* **Work instruction**:
The data should be written out in full, exactly as it stands, and the pictures dropped.

* **Collected material**:
◇ ◇ ◇

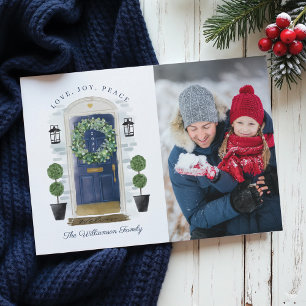 Liebe, Freude, Peace Navy Watercolor Front Door Fo Feiertagskarte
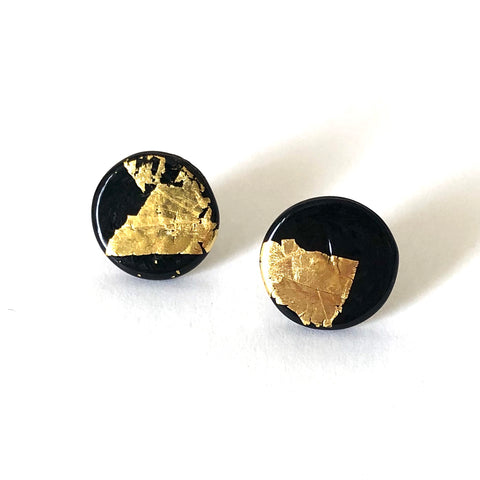 Gold Black Handmade Glass Button Stud Earrings
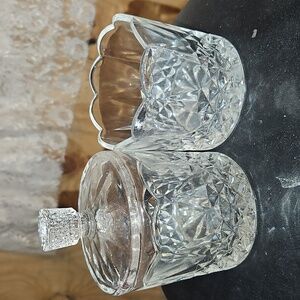Vintage Pressed Glass Vanity Jar Set
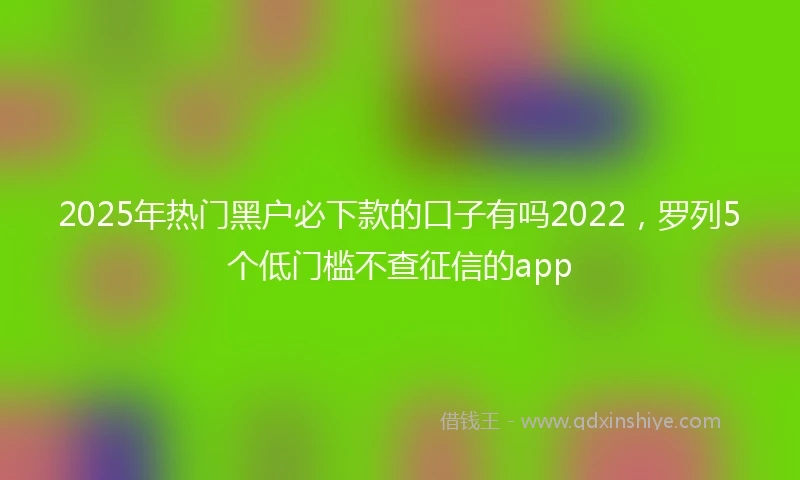 2025年热门黑户必下款的口子有吗2022，罗列5个低门槛不查征信的app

◇ ◇ ◇

* **Task result**:
 Liebe, Freude, Peace Navy Watercolor Front Door Fo Feiertagskarte
 Gold Black Handmade Glass Button Stud Earrings
Vintage Pressed Glass Vanity Jar Set
 2025年热门黑户必下款的口子有吗2022，罗列5个低门槛不查征信的app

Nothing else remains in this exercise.